How are you settling in? What’s the most exciting thing about the new job?

To be cooking again on a day-to-day basis after taking some time out feels great. The thing about Swan is that it works and it is fantastic to see a business thriving. Then off the back of that, thinking of ways that we can possibly tweak something and make it even better. There is constant renovation here, it is always evolving.

 

It’s nice to be back, I’ve got that glowing feeling in my belly.

 

What kind of ingredients do you like working with?

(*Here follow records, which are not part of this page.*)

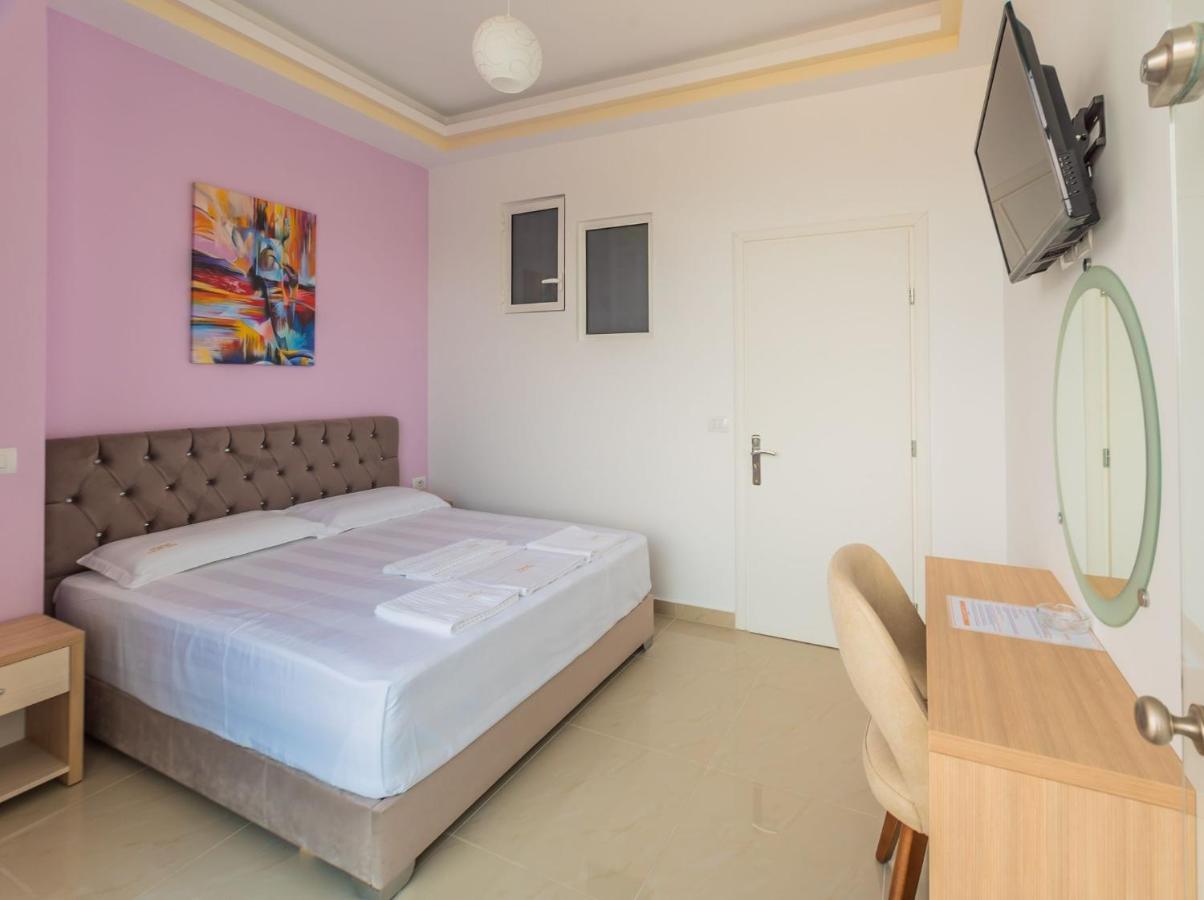 The City Gate Hotel Sarande Luaran gambar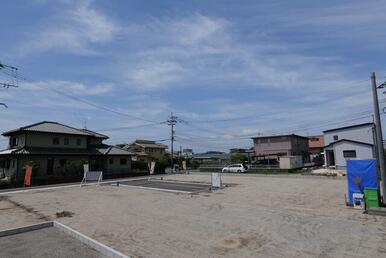 周辺は住宅街と田んぼになっておりますので、音なども気にせずに穏やかにお過ごし頂きます。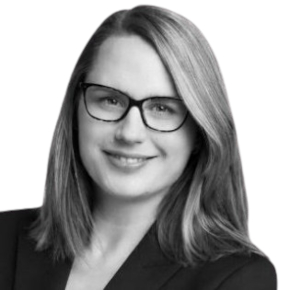 Dr. Krisztina Tóth LL.M.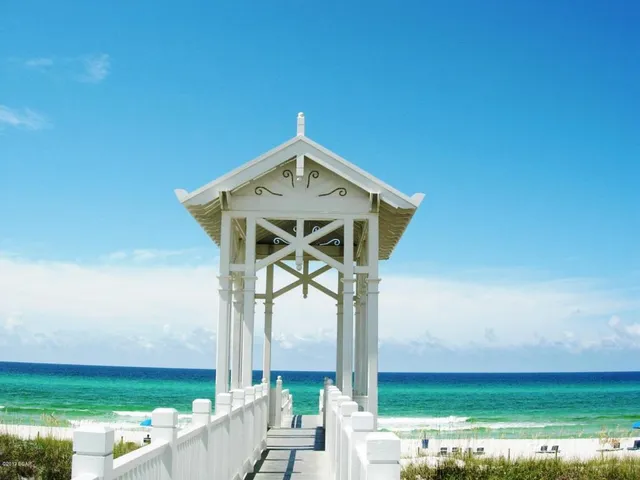 $620,000 | 428 Lakefront Drive, Panama City Beach, FL 32413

My mum is an avid gardener, she has two allotments and she does lots of foraging. The lanes that go up to her allotments are full of damson trees and she’ll sometimes ring me up to tell me she has got lots of damsons. She’ll say: ‘How many do you want?’ If I said 50 kilos, her and her partner would get 50 kilos! She would be out there all day.

 

It’s brilliant because in this way they can have an influence on the menu and that brings with it a new story. For me it is lovely to have so much contact with Mum, she is always sending me little bunches of rosemary or chive tips or rhubarb — so watch out for those on the menu.

 

Can you give any hints on plans for next season’s menu?

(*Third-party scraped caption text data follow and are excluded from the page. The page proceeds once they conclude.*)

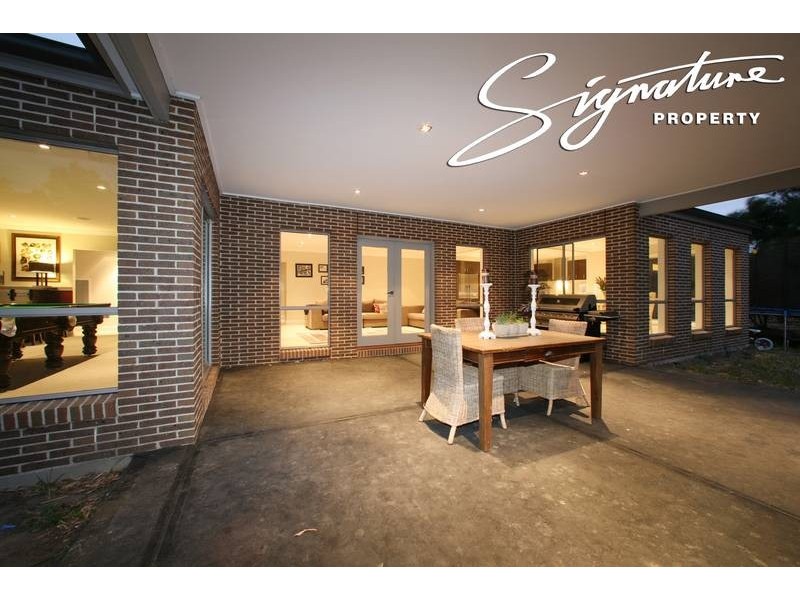 16 Gladesville Close, Lysterfield South VIC 3156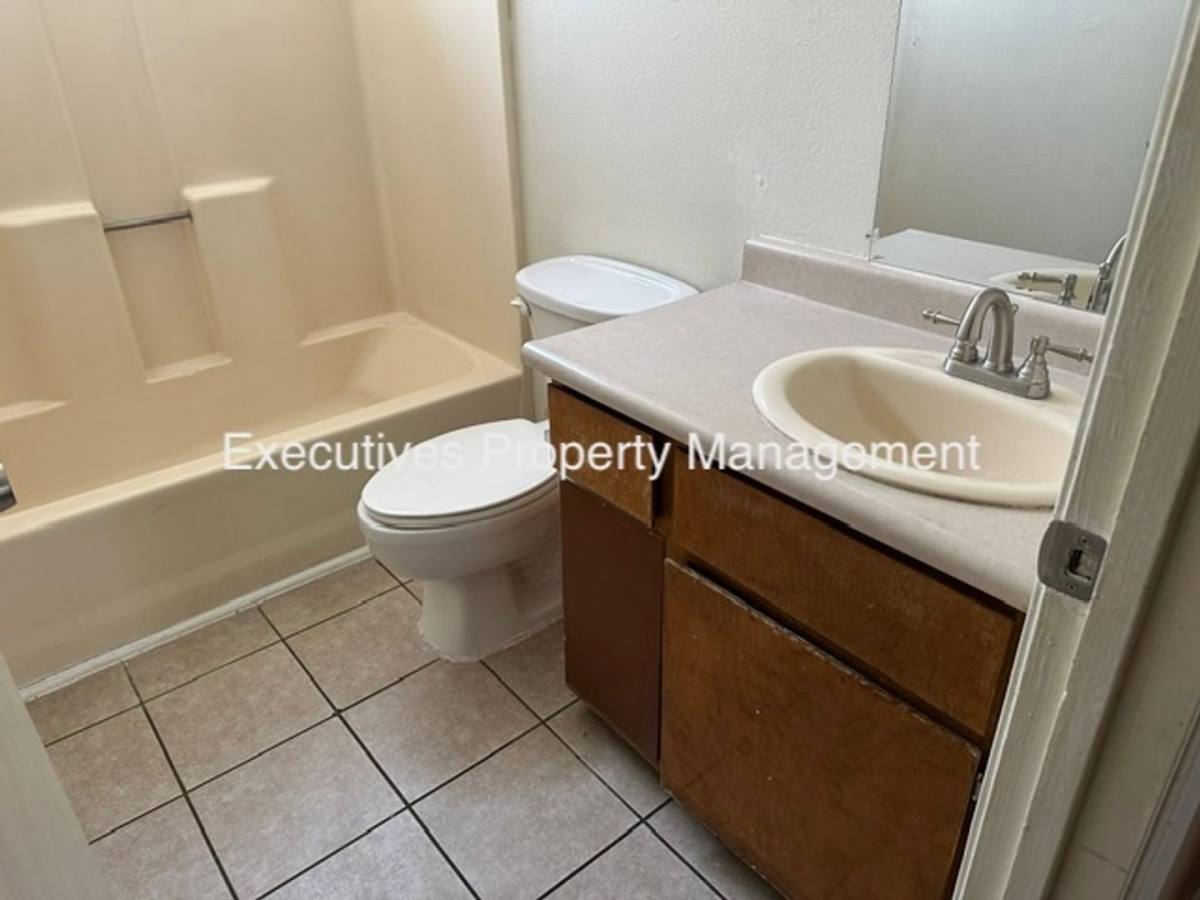 House for rent at 1859 Heritage Dr, Merced, CA 95341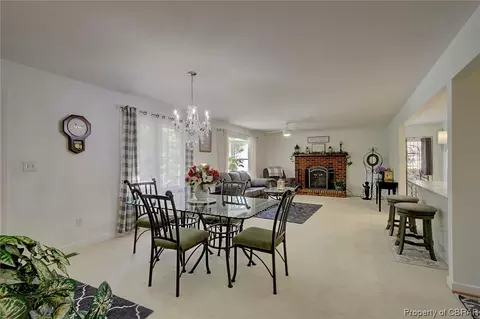 6334 Main St, Gloucester, VA 23061 photo 6
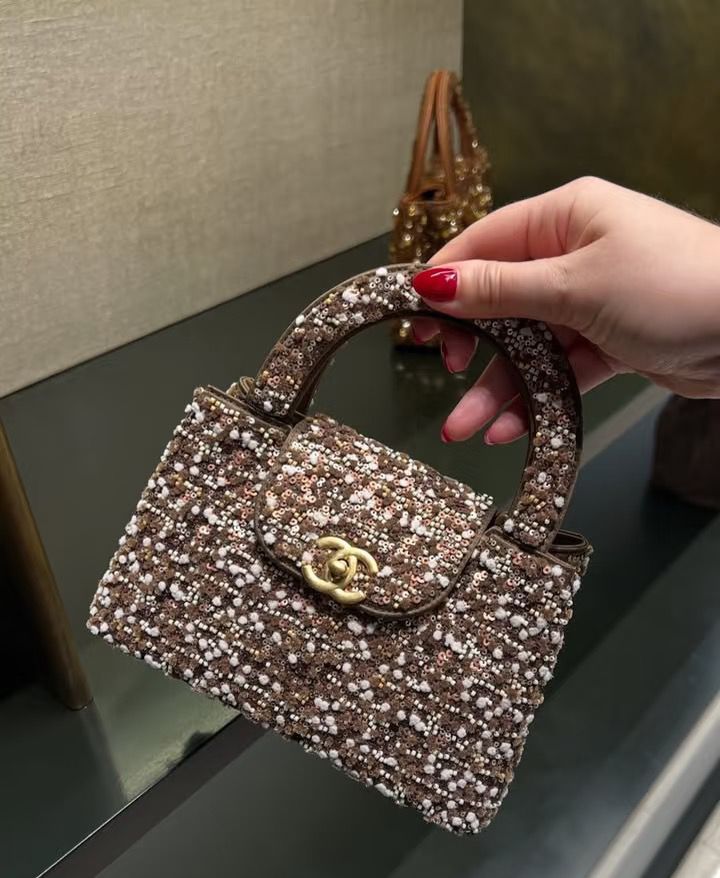 CHANEL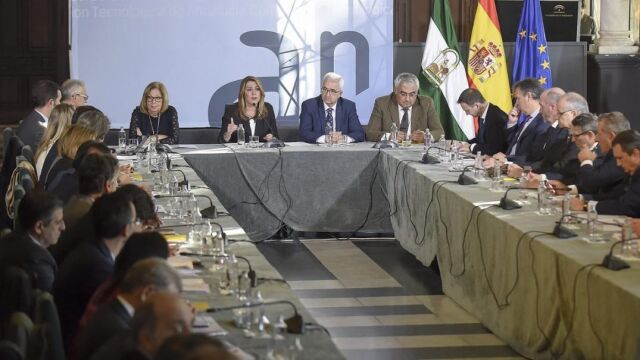De la Calle, junto a la presidenta de la Junta en una reunión de la CTA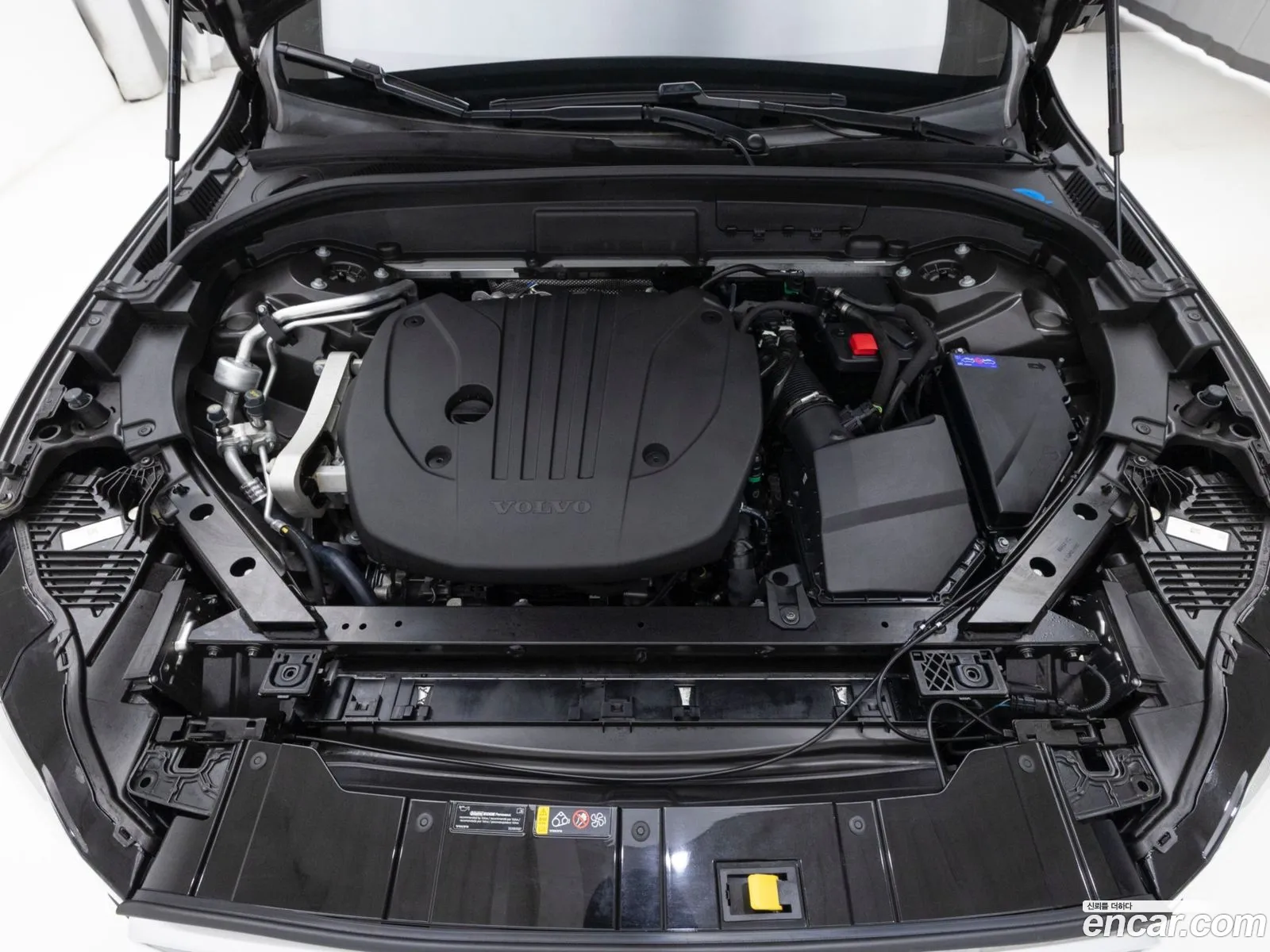 Volvo XC60 2025 — 13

The menu is always seasonal anyway, but trying to build on that and make it even more seasonal through things like the specials. I mean if we take produce like asparagus, morels, Jersey Royals and wild garlic, just those four ingredients — put those on a plate and it’s a dish in itself!

 

You have to get your seasons right, if we put Jersey Royals on the menu we have to make sure they will be available in a month and a half, because that’s when the next season’s menu changes. We are always looking to develop our signature dishes too, so watch out for those.

 

What’s your favourite classic on the menu?

The fish stew that we do here. There is a lot of work that goes into it, about three days. From marinating the bones for the fish to all the vegetables, mussels and fish and, of course, the bread to mop up the soup with. It’s a labour of love, but it’s completely worth it! There are not many places that do a fish stew really well, but we do.

 

What have been the challenges so far?

It is definitely the busiest place I have worked. I am on the steepest learning curve I will ever have, it’s like running a hotel but without the bedrooms: we do breakfast, afternoon tea, lunch etc. We have lots of different spaces, and then there is Swan About, which is the events side too. There is a lot going on and you need a team you can rely on. As soon as the Globe opens, that’s it — there are going to be huge numbers of people.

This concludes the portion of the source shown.